Cucina Fresca: Baked Mustard Lemon Fish

Posted on by Jennie

January’s main dish was baked mustard lemon fish. For the fish, we headed to the farmer’s market in search of something white. We saw red snapper, and decided that we would come back through, and if the red snapper was there, that’s what we’d take. When we came back, there was only one left. It was our fish.

These were some black cod that were next to our red snapper.

This is our guy. When I asked the man, Captain Wilson, if he could fillet the fish for us, he said, “Well, it wouldn’t do the fish justice if I filleted it” and went on to explain why the fish was better cooked whole. He then asked us if we wanted him to cut the head off.

“Yes, please! Wait, no, don’t. No. Well, we have this blog…” the moment was significantly more awkward as I continued to snap photographs and Capt. Wilson’s coworker ducked out of the frame…

More photogenic with the head, c’est vrai?

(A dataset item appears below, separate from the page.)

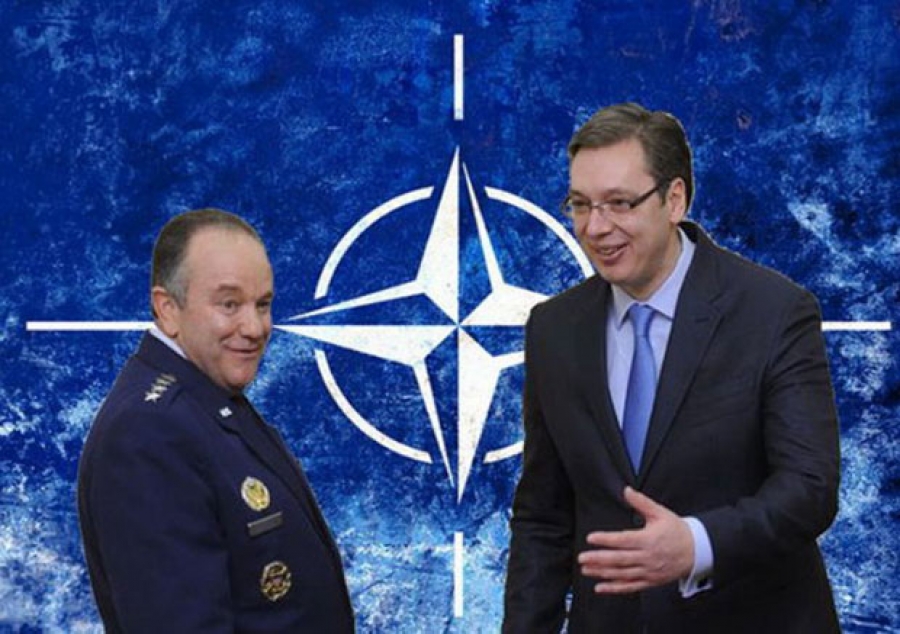 vucic-nato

Here is Corelyn cutting its head off. After the first, “crunnncch” I said, “I wish that everyone at home could hear that sound.” And then, I remembered that the camera takes video.

Corelyn beheading the red snapper. from Jennie Palluzzi on Vimeo.

Here is the fish’s head, all detached and ready to be…well, discarded.

This is the fish, scored and ready to be put in the oven. After much deliberation, we decided that we should put the fish in a casserole dish in a tinfoil pocket, to cook it but contain the juices.

We rubbed the fish in lemon juice mixed with lemon zest, butter, olive oil, spicy brown mustard, sage, garlic, and salt and pepper.

Then we put the fish in the oven for about 20 minutes. When it was done, it didn’t necessarily look pretty…

Overall, the fish was good, the sauce on the fish was amazing, but we decided that we’re just not red snapper gals. The fish had a lot of bones, and it was hard to eat (especially after we were so hungry!) and the fish didn’t really end up having much once it was cooked. Also, the red snapper was pretty mushy, as far as fish goes.

We decided that white fish in fillet form would be better for this flavor, and it was a quick recipe to put together, so it’s definitely one to add to our wheelhouse.